Llueve desaforadamente en Madrid y así lo lleva haciendo de manera discontinua durante las dos últimas semanas. Me comenta la cuidadora de uno de mis alumnos que en Rumania se las riadas producidas por las inclemencias meteorológicas han arrasado los cultivos y que no saben qué van a comer porque no habrá cosechas este año, además con el brutal incremento del precio del barril del petróleo no pueden realizar importaciones.
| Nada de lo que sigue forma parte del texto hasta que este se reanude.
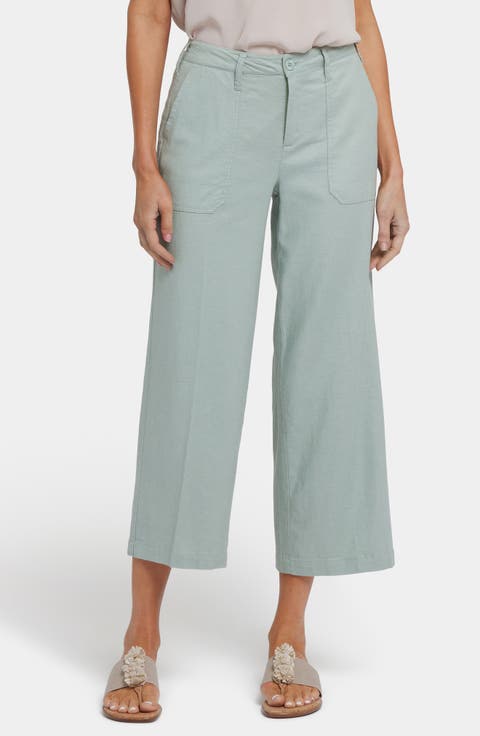 Linen Blend Crop Wide Leg Pants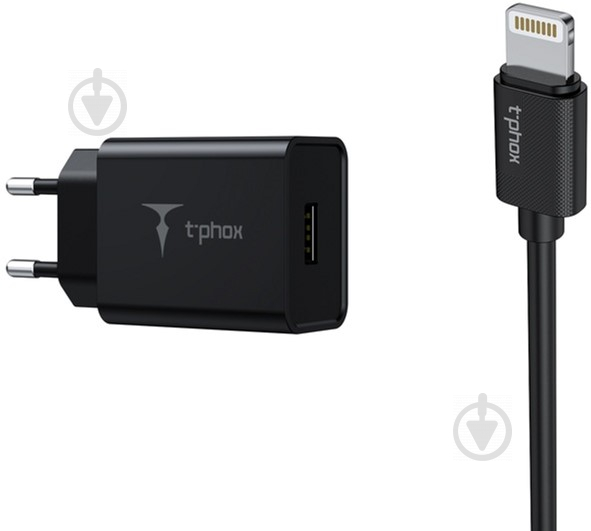 Зарядний пристрій T-PHOX Mini 12W 2.4A + Lightning cable 1.2 м Black (Mini(B)+Lightning) - фото 2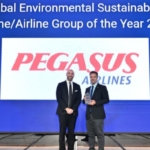 Pegasus Airlines Ali Uzun Sustainability director right and Marco Navarria from CAPA left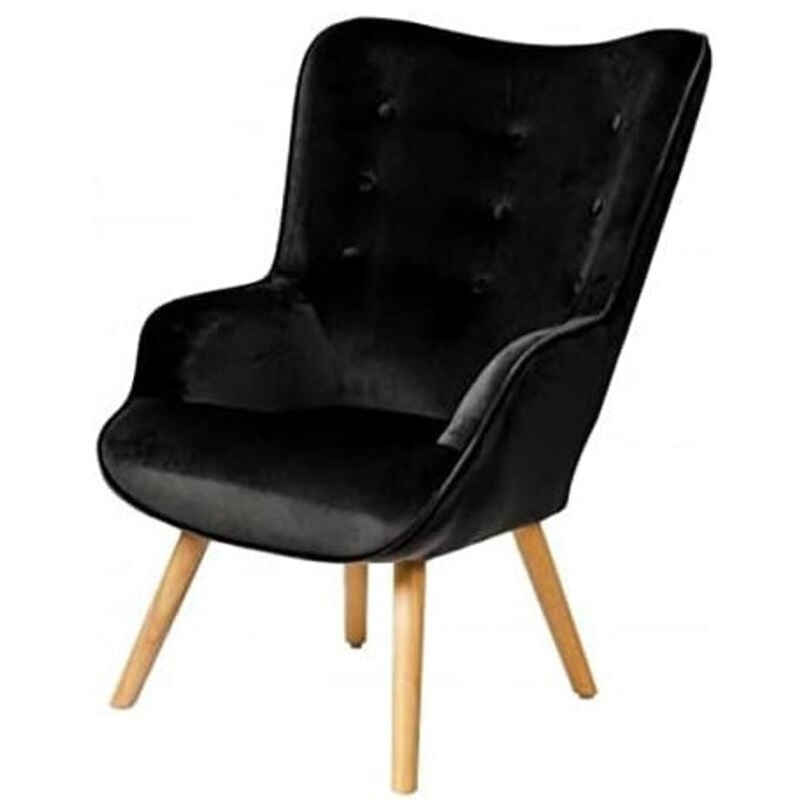 Fauteuil De Salon En Velours Noir Home Deco Factory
A a este horizonte de hambruna se enfrenta todo el centro y el este de Europa. En España ya no queda sana ni una manzana ni pera de producción nacional. Casi ni hemos tenido invierno y ahora vivimos un extraño otoño. De poco nos vale la tecnología punta y las exploraciones a Marte si no cuidamos nuestro planeta y preservamos las condiciones más elementales de su subsistencia, que es la herencia que vamos a dejar a nuestros hijos y el futuro inmediato que nos aguarda.
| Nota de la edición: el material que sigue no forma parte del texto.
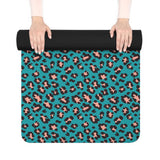 Hot Teal Leopard Rubber Yoga Mat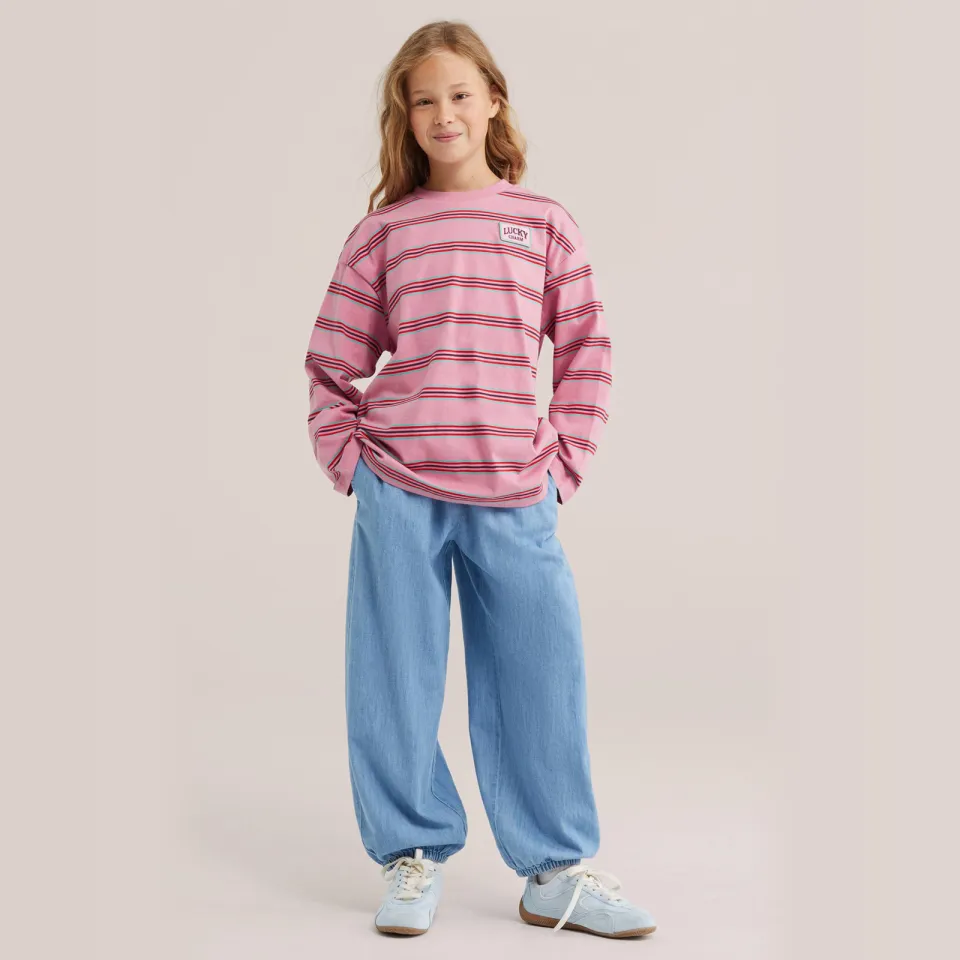 WE Fashion gestreepte longsleeve roze/rood, foto 4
Me pongo manos a la obra para diseñar y proponer a la universidad un curso donde se estudien los efectos del calentamiento global, se analicen estos extraños vaivenes climatológicos y se creen ingenios para preservar la naturaleza. Porque después del terremoto de China este nuevo aldabonazo sobre nuestras cabezas si no nos hace entrar en razón y buscar ciencias y conciencias constructivas nos plantea la pregunta de en qué mundo queremos vivir.